40 Piloten stehen am Start, es fehlt Alex De Angelis, der nach einem schweren Sturz im Warmup ins Krankenhaus gebracht wurde. Von der ersten Polepositon seiner Karriere startet der Japaner Shoya Tomizawa (er gewann den ersten WM-Lauf in Doha), neben ihm in Startreihe stehen Julian Simon, Toni Elias und Yuki Takahashi.
In den ersten beiden Startreihen stehen nur Fahrer, die bereits zumindest einen Grand Prix gewonnen haben, die besten 20 in der Qualifikation liegen nur 8 Zehntel auseinander. Insgesamt ist also alles bereit für einen spannenden Lauf, den erst zweiten der Moto2-Klasse.

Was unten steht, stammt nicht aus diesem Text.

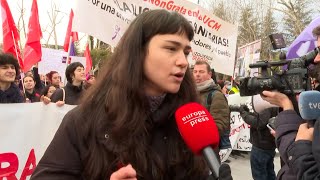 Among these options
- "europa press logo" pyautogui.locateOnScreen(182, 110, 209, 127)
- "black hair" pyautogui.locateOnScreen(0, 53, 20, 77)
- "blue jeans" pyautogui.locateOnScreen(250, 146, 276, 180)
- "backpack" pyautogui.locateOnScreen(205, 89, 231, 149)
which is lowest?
"blue jeans" pyautogui.locateOnScreen(250, 146, 276, 180)

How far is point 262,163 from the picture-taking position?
5.13 meters

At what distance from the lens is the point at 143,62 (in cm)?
170

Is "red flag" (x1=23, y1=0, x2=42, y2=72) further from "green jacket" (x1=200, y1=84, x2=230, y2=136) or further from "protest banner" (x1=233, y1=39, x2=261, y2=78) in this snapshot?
"protest banner" (x1=233, y1=39, x2=261, y2=78)

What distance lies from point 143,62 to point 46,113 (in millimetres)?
2499

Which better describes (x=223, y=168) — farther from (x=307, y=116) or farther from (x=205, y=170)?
(x=307, y=116)

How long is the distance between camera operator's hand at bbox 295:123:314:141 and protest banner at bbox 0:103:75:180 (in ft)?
8.46

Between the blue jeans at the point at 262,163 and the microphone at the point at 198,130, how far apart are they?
12.2 feet

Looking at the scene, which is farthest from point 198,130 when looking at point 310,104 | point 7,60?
point 7,60

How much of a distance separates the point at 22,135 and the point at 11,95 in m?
0.67

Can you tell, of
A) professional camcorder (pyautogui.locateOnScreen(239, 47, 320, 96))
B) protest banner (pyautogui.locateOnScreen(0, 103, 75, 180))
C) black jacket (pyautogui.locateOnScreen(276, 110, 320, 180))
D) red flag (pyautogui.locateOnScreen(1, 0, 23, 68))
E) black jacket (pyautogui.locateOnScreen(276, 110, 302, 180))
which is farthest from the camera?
red flag (pyautogui.locateOnScreen(1, 0, 23, 68))

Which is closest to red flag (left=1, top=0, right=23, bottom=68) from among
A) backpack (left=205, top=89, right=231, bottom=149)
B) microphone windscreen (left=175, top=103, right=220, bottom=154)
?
backpack (left=205, top=89, right=231, bottom=149)

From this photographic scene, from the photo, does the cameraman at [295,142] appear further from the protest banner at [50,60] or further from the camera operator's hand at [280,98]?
the protest banner at [50,60]

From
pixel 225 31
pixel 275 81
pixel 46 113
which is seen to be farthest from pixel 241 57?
pixel 275 81

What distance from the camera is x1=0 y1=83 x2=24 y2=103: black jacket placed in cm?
408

Es ist nicht leicht, diese 40 Maschinen ohne Zwischenfälle über die ersten Runden zu bringen, doch bis zu Beginn der dritten Runde geht fast alles gut, nur zwei Fahrer stürzen. Aber in der dritten Runde ist das Rennen – vorerst – gleich wieder zu Ende. Tomizawa fährt auf die vor ihm fahrende Maschine auf, beim Sturz zieht er eine Ölspur hinter sich her. Die wird gleich dahinter 7,8 weiteren Fahrern zum Verhängnis, die einer nach dem anderen ins Kiesbett rutschen. Alle stehen gleich wieder auf, aber es liegt jetzt eine ganze Menge Motorrateile herum – rote Flagge und Rennabbruch.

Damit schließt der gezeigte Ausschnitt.